Иконописец Владимир Ермилов: «Икона устрашает, и это естественно»
Преподаватель иконописного факультета Московской духовной академии В.А. Ермилов рассказал о том, что такое икона, в чем отличие светского творчества художника от служения иконописца, как научиться писать и понимать икону, а также о пути из светского искусства в церковное.
«В моей жизни Церковь всегда была рядом»
– Владимир Анатольевич, расскажите о ранних встречах с иконой. Я вот все время вспоминаю, что в детстве… боялась икон.

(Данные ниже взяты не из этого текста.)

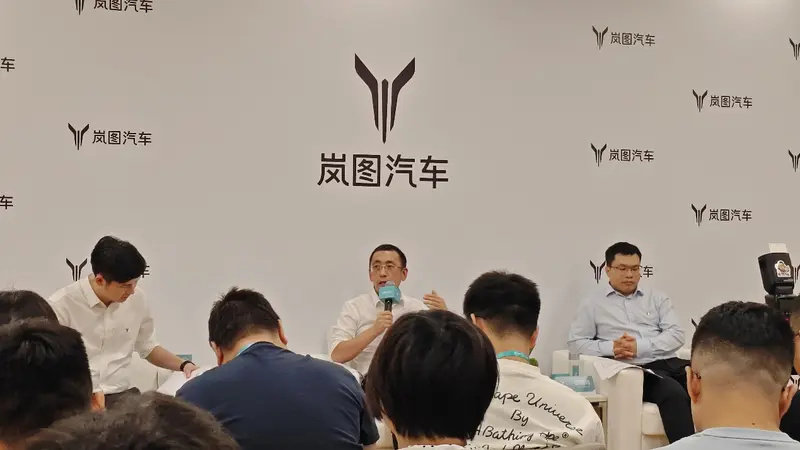 听得见炮火，卢放称岚图清楚用户需要一辆“全部配齐”的车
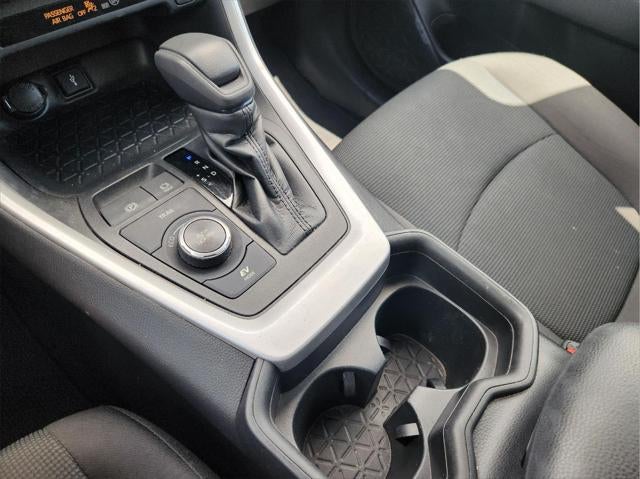 2020 Toyota Rav4 Hybrid LE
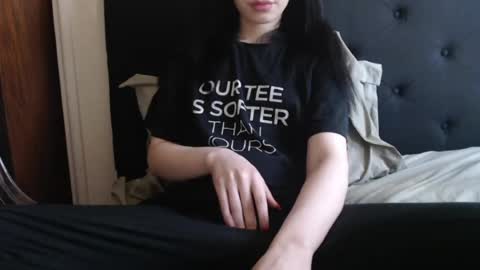 Snapshot of novafrey chatting on 07.12.26 Olivia online show from 07.12.26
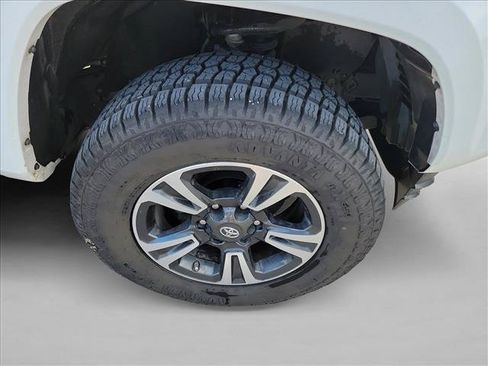 Used 2019 Toyota Tacoma TRD Sport AWD/4WD image 10
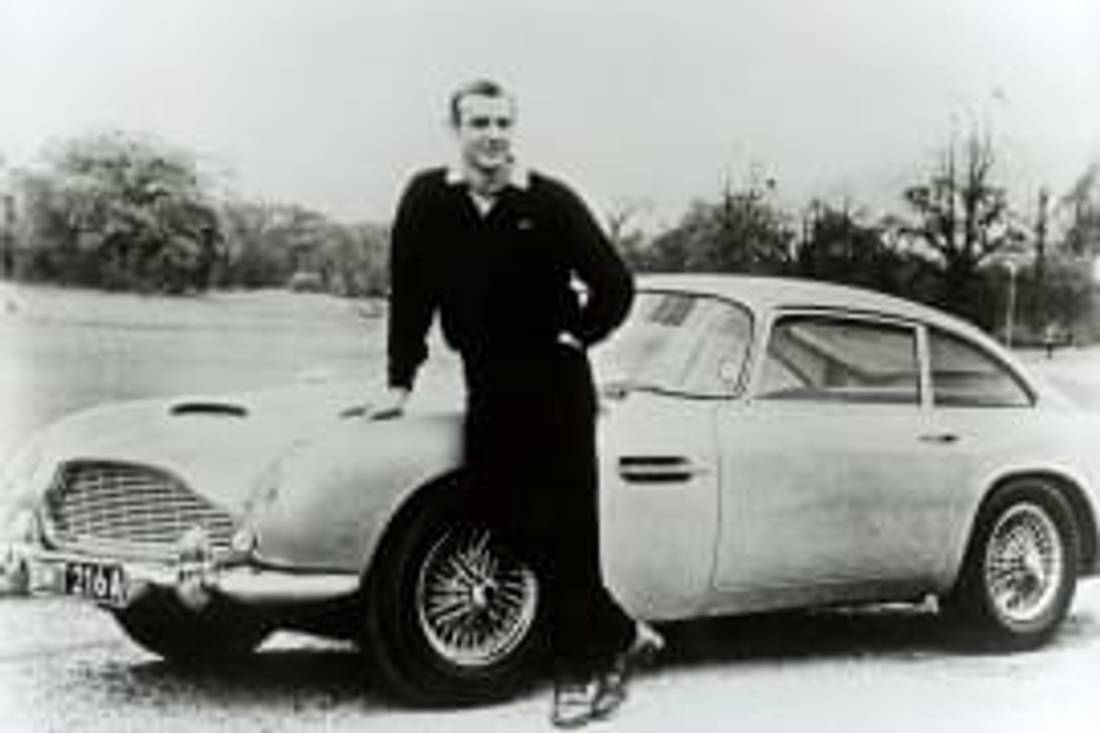 DB5 cu actorul Sean Connery în James Bond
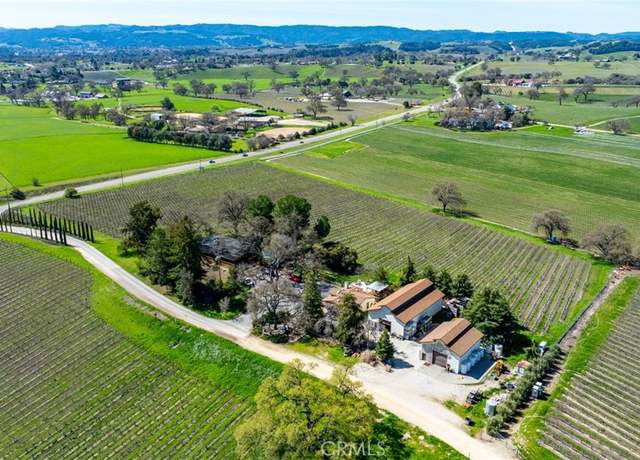 Property at 2023 Twelve Oaks Dr, Paso Robles, CA 93446, 3 beds, 2 baths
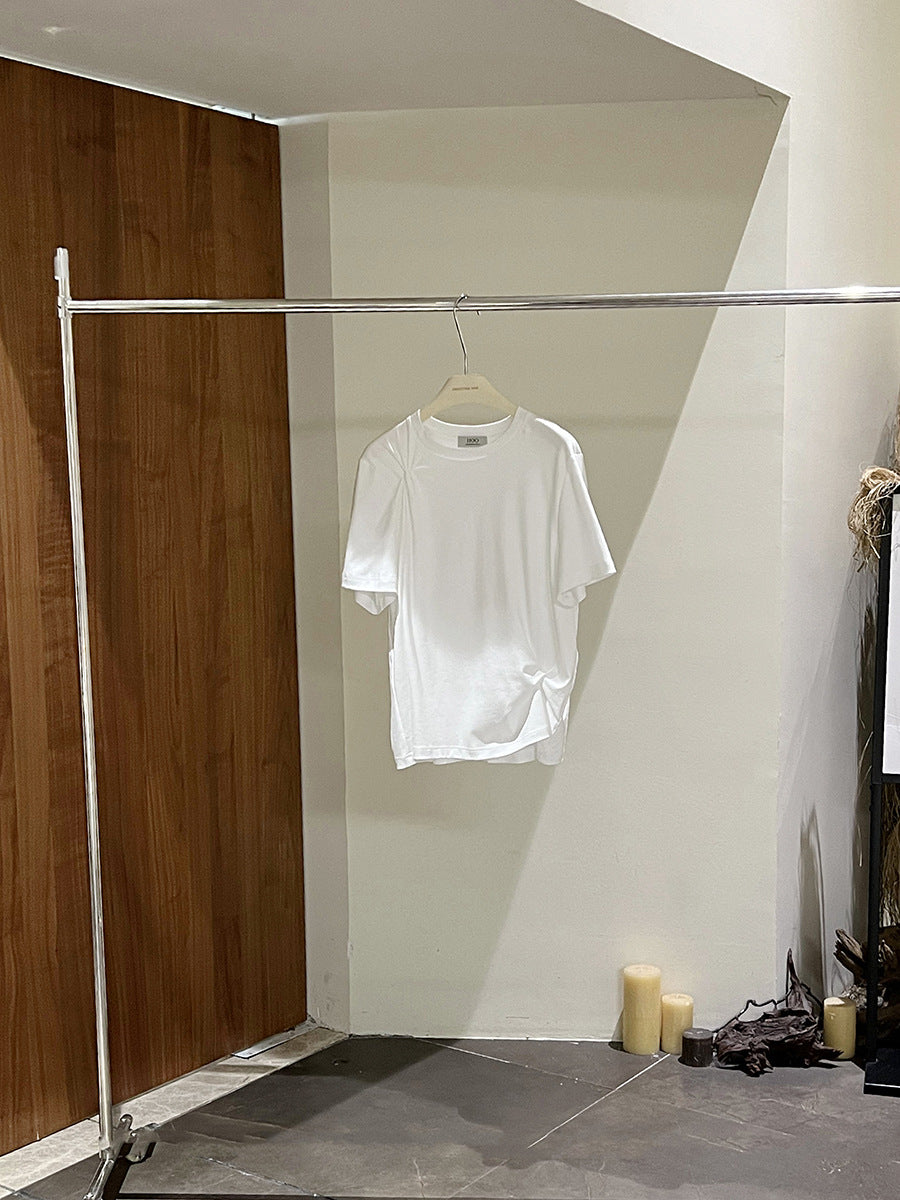 Dame kvalitets, afslappet t-shirt med innovative skære detaljer og komfortabel pasform Stilla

– Это нормальное ощущение, и у меня было похожее. Много времени в дошкольные годы я проводил в деревне у бабушки во Владимирской области. Просыпаясь утром, я видел перед собой икону Божией Матери «Владимирская» – точнее раскрашенную черно-белую фотографию иконы – и ощущал некий страх от этого образа. Тогда не понимал почему, но теперь мне кажется это естественным – страх, трепет перед иконой. Он должен быть у всякого христианина. Со временем это ощущение проходит, но это нехорошо. Ведь к иконам следует подходить благоговейно, со страхом Божиим – это святыня, а не простой образ.
– Бабушка у вас, получается, была верующей?
– Да, бабушка была верующей. В детстве, помню, что бы бабушка ни делала, постоянно шепотом повторяла Иисусову молитву. Тогда я еще не понимал, что она шепчет, но чувствовал некую благодать происходящего. Бабушки давно уже нет, она 1905 года рождения, а я через всю жизнь пронес в сердце эту благодать. Она говорила: «Если не спится ночью, встану и прочитаю молитвы о здравии и упокоении родных – сразу на душе легче становится».
И нас, внуков, бабушка старалась приобщить к молитве – следила, чтобы мы молились утром, перед едой, на ночь. О том времени у меня теплые и радостные воспоминания. Дома же у родителей такого не было, хотя они не были неверующими, но от Церкви были далеки.
Между крещением в детстве и сознательным приходом в Церковь много времени прошло?
– В моей жизни Церковь всегда была рядом. Я из Сергиева Посада, хотя в моей молодости он и назывался Загорском. Главное место в городе занимает Троице-Сергиева Лавра. В школьные годы мы часто заходили туда – пионерами в красных галстуках… Там храмовые росписи производили на меня сильное впечатление, попадали в самую душу.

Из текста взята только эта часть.